Un absent au cœur des discussions
Ziad Takieddine était-il alors véritablement fréquentable ? Nicolas Sarkozy déclare à la barre : « Je n’ai aucune photo avec lui, cela devrait vous interpeller pour quelqu’un qui aime se faire voir ! » Comment expliquer alors les déclarations de l’ancienne épouse de l’intermédiaire, assurant aux enquêteurs que son mari avait reçu un appel de Nicolas Sarkozy en juin 2008 après le décès de sa mère. « Mon mari était très touché par cet appel, il trouvait émouvant que le président de la République l’appelle », avait-elle affirmé. L’intéressé nie : « Je n’ai jamais été informé du décès de la mère de Takieddine, et je ne l’ai pas appelé pour présenter mes condoléances, sinon je vous le dirais ! »
Claire Josserand-Schmidt, une avocate de la partie civile, s’étonne que Ziad Takieddine ait « fait semblant devant sa femme, avec qui il a vécu plus de vingt ans, d’avoir reçu un appel du président de la République et d’avoir manifesté une telle émotion ». En réponse, le prévenu évoque le contexte mondial : « 2008, c’est l’année de la crise financière, j’étais président et aussi dirigeant de l’Europe ! Et je vais contacter Takieddine, avec qui je n’ai aucun lien, pour dire : ‘Toutes mes condoléances pour votre mère’ ? » Cette remarque génère de nouveaux rires dans la salle.

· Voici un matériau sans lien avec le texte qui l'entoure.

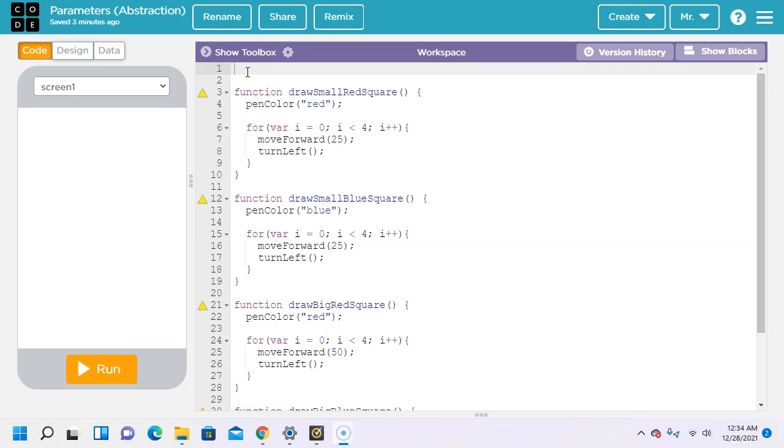In this tutorial for Code.org's App Lab environment, you are going to learn how to reduce the complexity of a program by writing functions with parameters. We're going to do it in text mode, however, if you want to learn how to do it in block mode, check out the link in the video description or click on the video link in the upper right hand corner of the screen.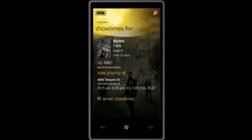Under Showtimes, I'm going to choose the movie Buried, which actually sounds kind of cool — I haven't seen it yet. The application uses the location and platform capabilities to hit the service and tell me what theater it's playing in right now, so it's just one touch away to find out information about the movie.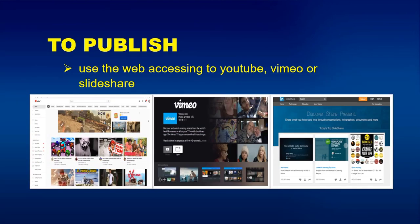The last part is to publish — also called the final part. Use web platforms such as YouTube, Vimeo, or SlideShare. These are sites where you can upload your videos.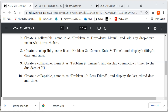Let's look at Hallmark 11, problem number 9. We want to create a collapsible, name it as 'problem 9 timers', and display a countdown timer to the due date of Hallmark 11.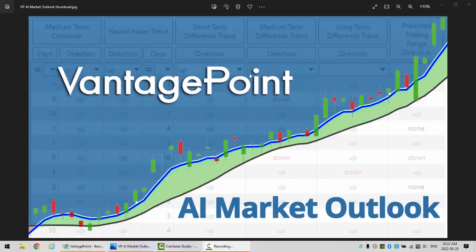Hello everyone and welcome back. My name is Greg Furman and this is the Vantage Point AI Market Outlook for the week of August the 29th, 2022.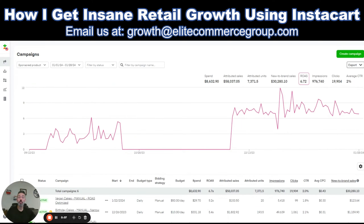I'm going to walk you through a super quick audit of your Instacart ad account. I'm going to show you what to look for so you can figure out if it is optimized and you're getting the biggest bang for your buck. I'm also going to give you some quick tips for re-optimizing or even scrapping your campaigns and launching new ones. But first, I want to show you what a good optimized account looks like.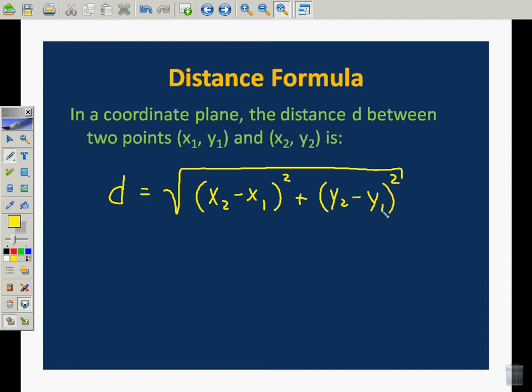This is derived from something called the Pythagorean theorem, but this is the general formula we're going to use. This part here is going to be the distance between the x coordinates, and this part here is going to be the distance between the y coordinates. That's going to help us come up with how long it is from point to point.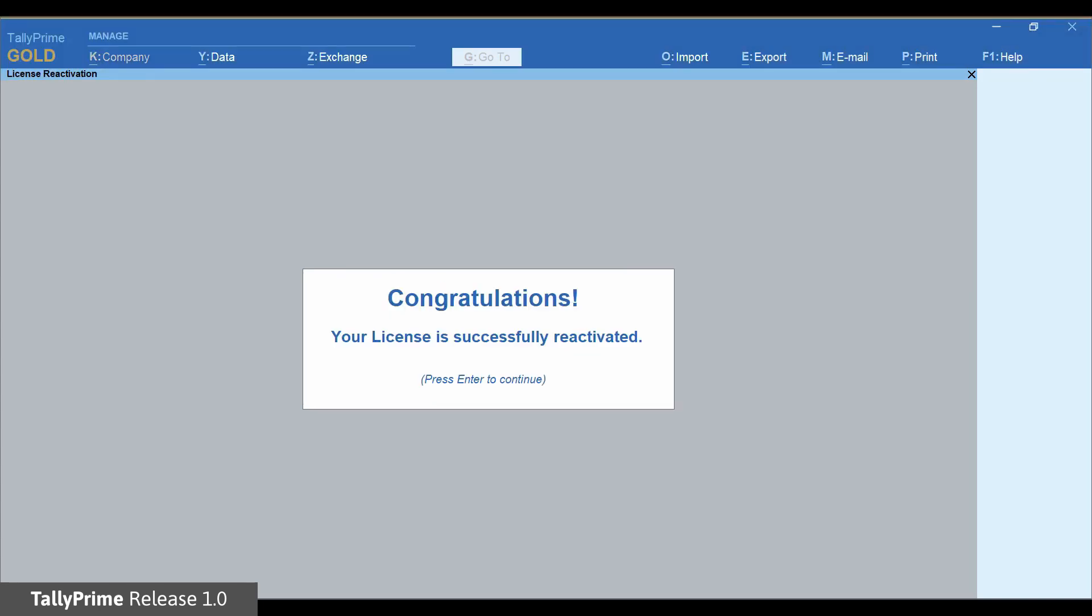Once the license is reactivated in Tally Prime, Tally ERP-9 goes into Education mode. You can now share the Tally Prime license with Tally ERP-9.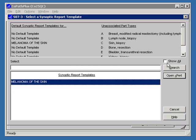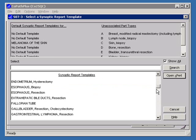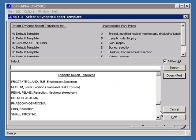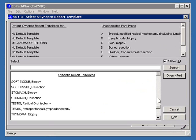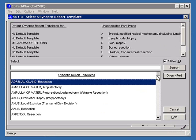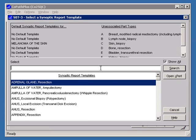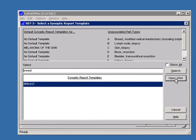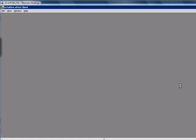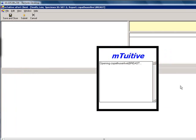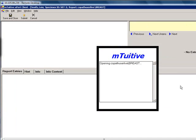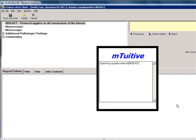If you click on the Show All box, you will see a list of all the templates that are available. There's a synoptic report template available for each checklist produced by the CAP. Now, we'll type Breast into the search box and select it. Click Open Expert. We'll select the default part type by clicking OK.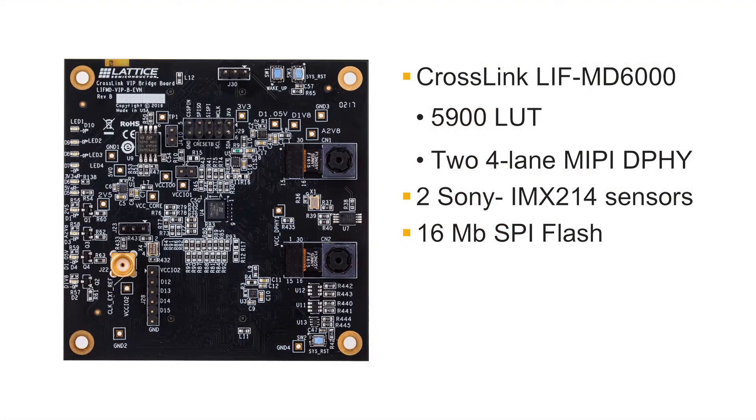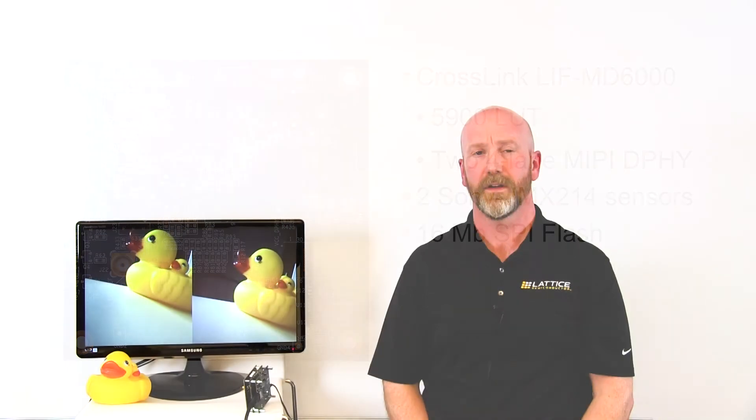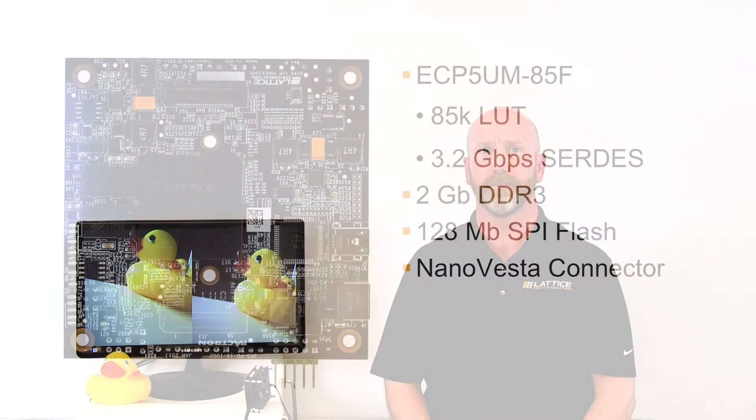The Crosslink input bridge board comes with the Crosslink LIF MD6000 programmable ASSP, which interfaces the two Sony IMX214 image sensors. IMX214 is a 13 megapixel sensor supporting high dynamic range at 30 frames per second and 1080p at 60 frames per second. The Crosslink device can simultaneously interface with both sensors supporting stereo vision and is used for bridging between the IMX214 image sensors and the ECP5 processing board.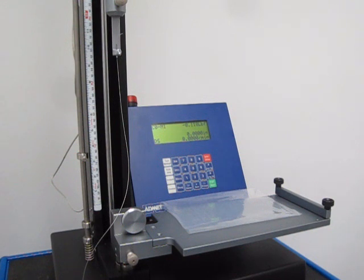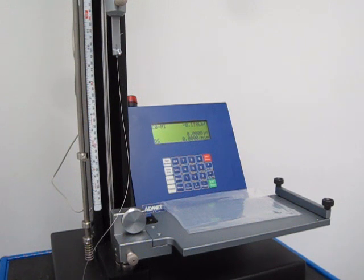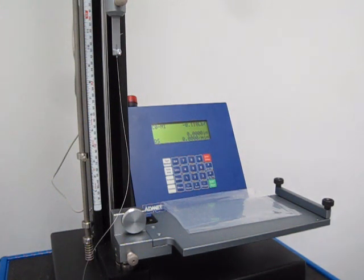This video is the coefficient of friction test. This test is programmed according to ASTM D1894, which provides the static and kinetic coefficient of friction.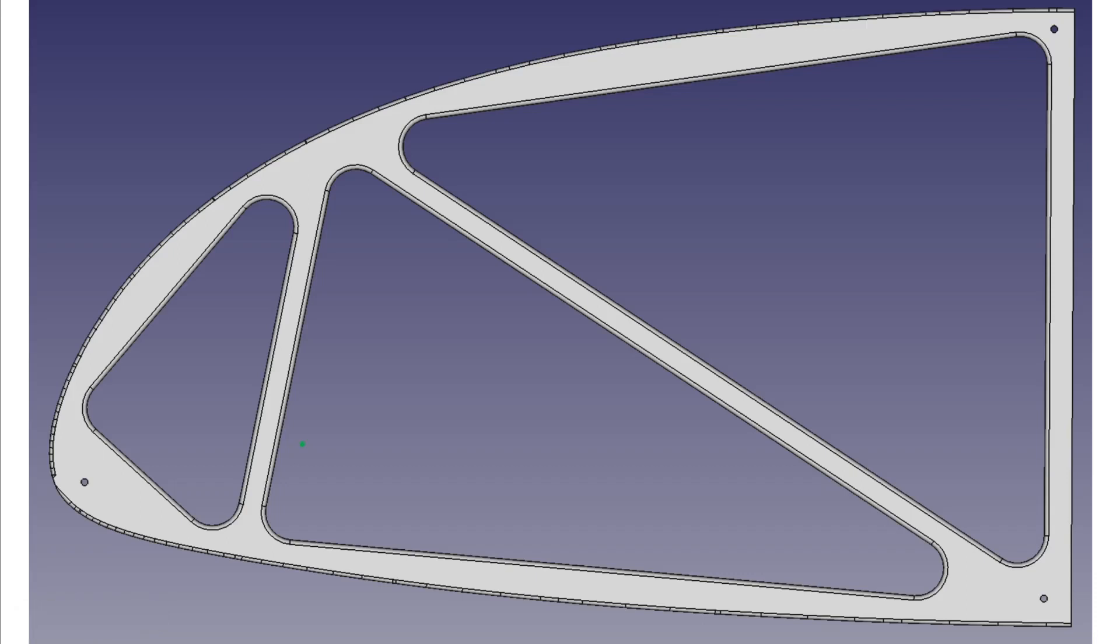Welcome to another Ultralight Airplane Design video from the Ultralight Airplane Workshop. In this video we're going to start a new mini-series on the nose rib design for the UWS4 Ultralight Airplane.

L’ancien président rappelle également que le Franco-Libanais a été condamné pour « faux témoignage » dans le cadre de l’affaire Karachi. « Parce qu’on a été condamné une fois, on perd toute crédibilité ? », demande l’avocate, notant que son interlocuteur vient d’être condamné définitivement à un an de prison pour l’affaire des écoutes. Cela semble être un point en faveur de l’accusation. Confident de ses actions, Nicolas Sarkozy insiste : « Monsieur Takieddine, à l’époque, n’était pas pertinent pour moi. » Ironiquement, il retrouve désormais le centre de l’attention dans ce procès. La suite des débats est prévue pour mercredi.